A famosa plataforma de streaming Netflix anuncia pela primeira vez esta semana que perdeu subscritores, e que sentiu mais cancelamentos de subscrições do que novas contas, com uma perda líquida de 200,000 subscritores em todo o mundo, baixando a sua cotação no mercado quase em 40%. A empresa apresentou várias possíveis causas da situação, influenciada tanto por fatores externos como a inflação e a guerra na Ucrânia, mas também questões internas como a partilha de contrassenhas dos utilizadores. Há também a saturação do mercado do streaming, em que múltiplos canais concorrem e oferecem o mesmo tipo de conveniência.
O caso é que a concorrência da Netflix não é apenas as outras plataformas como HBO ou Disney +, mas sim todo o tipo de conteúdos, ou, indo ainda mais a fundo – tudo o que nos ocupe tempo.
Dado isto, uma questão que se pode colocar é: será que o erro pode estar no produto em si? Enquanto outras plataformas optaram por desenvolver ofertas de conteúdo como desporto ou notícias, a Netflix ficou-se pela licença ou produção de séries, filmes e documentários. A criação de um ecossistema Netflix pode ser uma solução para a captação e retenção de clientes, e a empresa já anunciou propostas para entrar no mundo do Gaming.
Por outro lado, podemos também refletir: que conteúdo queremos verdadeiramente consumir? Enquanto os subscritores desistem das suas contas Netflix, a rede social TikTok continua a aumentar o número de utilizadores e o tempo de cada utilizador dedicado à app. Os dados mais recentes indicam que cada utilizador no ano de 2021 passou, em média, 25.7 horas por mês vendo ou criando tiktoks o que supera as 7.9 horas passadas, no mesmo intervalo de tempo, no Instagram.
Será o segredo o algoritmo viciante? O facto de ser uma aplicação grátis? Ou alteraram-se as preferências, e o valor do curto, do instante e do vício do scroll? Poderá o TikTok ser o pior inimigo da Netflix?

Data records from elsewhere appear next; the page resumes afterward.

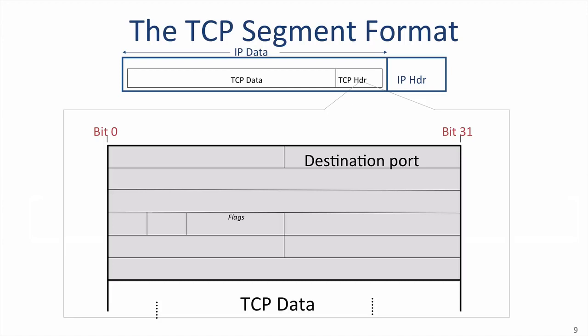Using a well-known port number lets host B identify the application it should establish the connection with. The source port tells the TCP layer at the other end which port it should use to send data back again. In our example, when host B replies to host A, it should place host A's source port number in the destination port field, so that host A's TCP layer can deliver the data to the correct application. When a new connection starts, the initiator of the connection, in our case host A, generates a unique source port number to differentiate the connection from any other connections between host A and B to the same service.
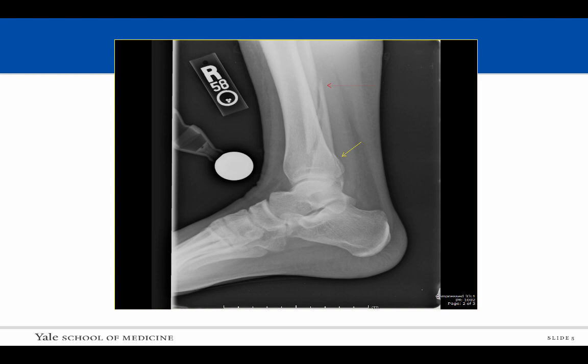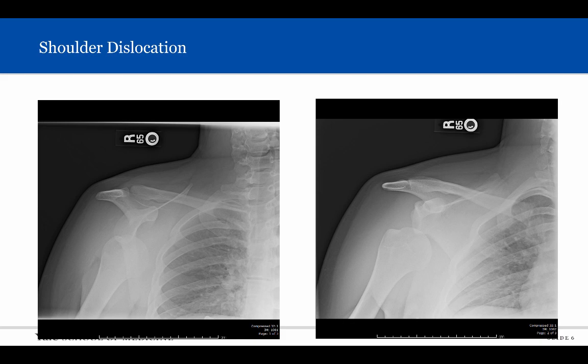This patient presented with shoulder pain and deformity. Internal and external radiographs were obtained, which are both in the frontal plane projection. The humeral head, seen in the pink circle, lies inferior to the glenoid, which is seen as the yellow circle.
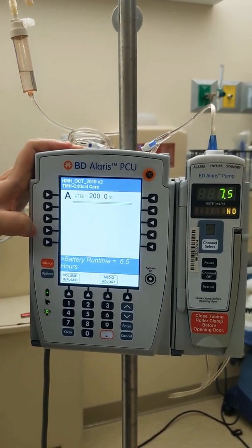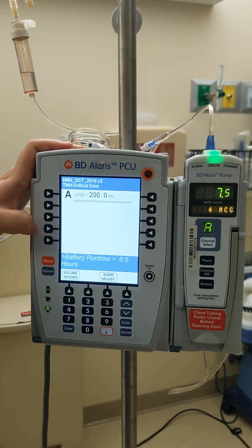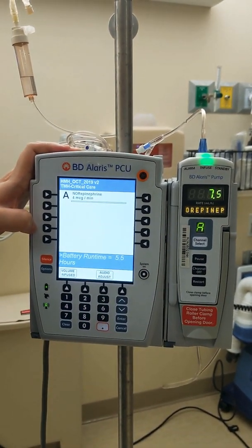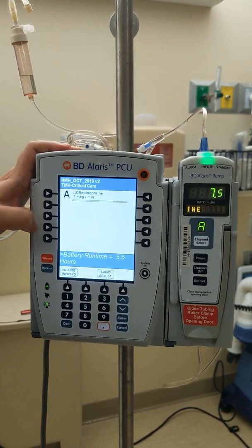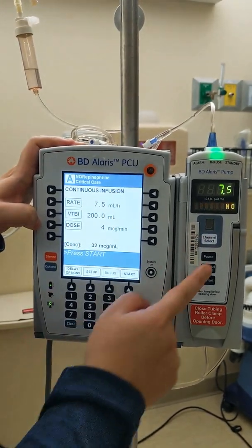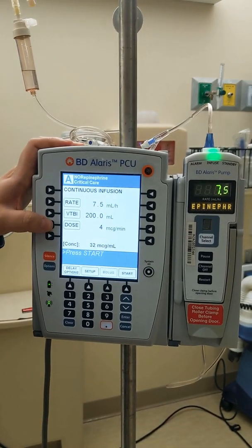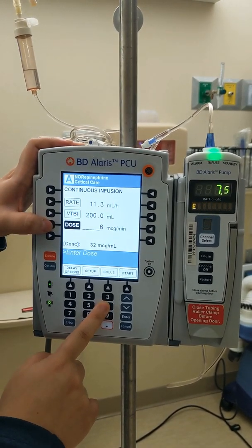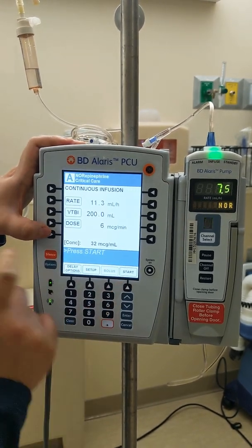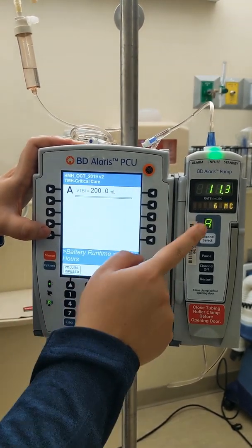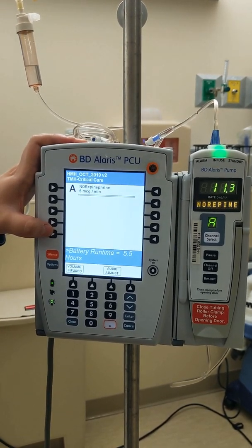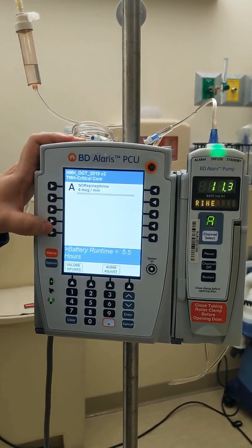Let's get that started. Now it is going at 4 mcg per minute. A few minutes later, your patient's blood pressure is not improving, so I'm going to go ahead and titrate the pressor up. I'm going to do channel select and go up to 6 mcg — see, it calculated that for you, so you don't have to enter the rate manually. Hit start. Now it is going at 6 mcg per minute. That's how you do titrating up and down.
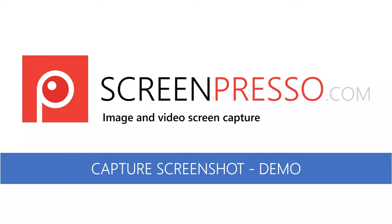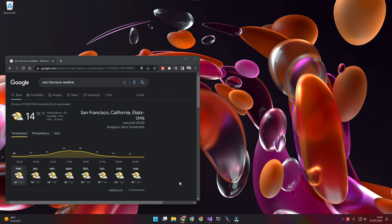With ScreenPresso, it is very easy to create screenshots. ScreenPresso is always available as it runs in the background of Windows.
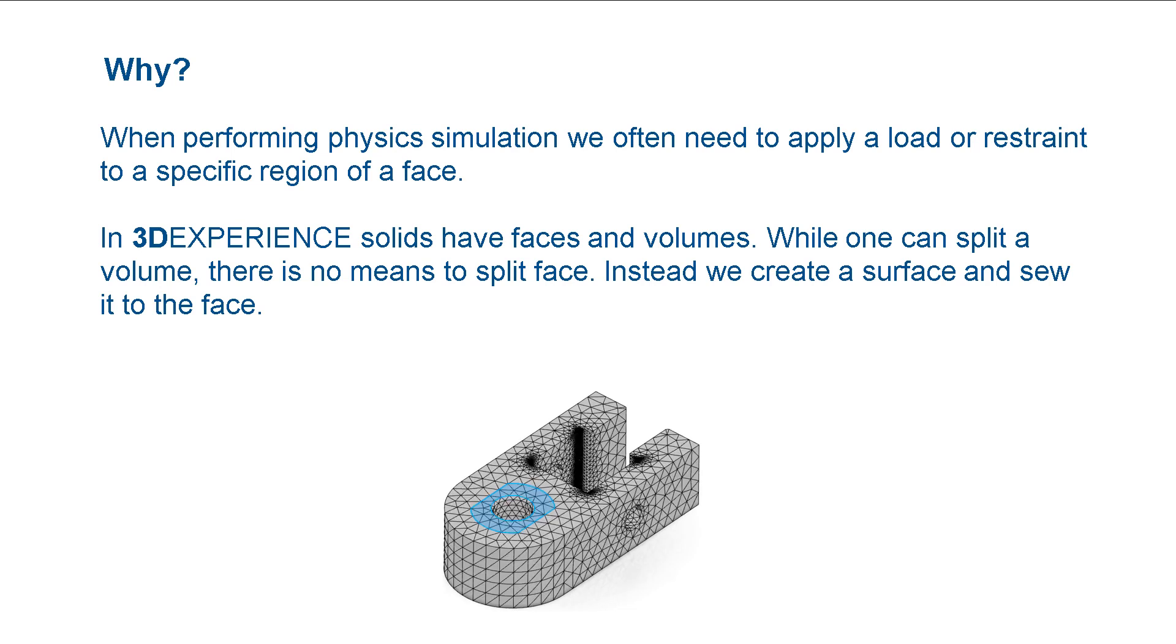Once the surface is sewed to the face, we can use it to constrain the mesh and to apply loads or restraints. Now, let us go ahead and sew a surface to a face.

Conteúdo, é, de facto, Rei. Mas assim como se alteram os reinados conforme passam os anos, os tipos de conteúdos que dominam também sofrem câmbios. Os primeiros sintomas de fragilidade da Netflix servem para percebermos a volatilidade e a exposição de todos os incumbentes de uma indústria, por mais sólidos que pareçam.
Haverá chave de ouro para prevenir a queda? Começará, talvez, por uma avaliação do mercado e das preferências do público-alvo. Para isso, é necessário alavancar a tecnologia ao dispor para diferenciar e personalizar: dados e padrões dos atuais consumidores, algoritmos de previsão de sucesso de um novo produto, seguir com a estratégia de customização em massa dentro da própria plataforma.
O objetivo da empresa será aumentar os custos de mudança e de cancelamento (ainda que sejam custos de oportunidade não monetários), modificando o conceito de subscrição de uma mera transação para se vir a tornar uma relação com o utilizador. E Inovar. E Inovar.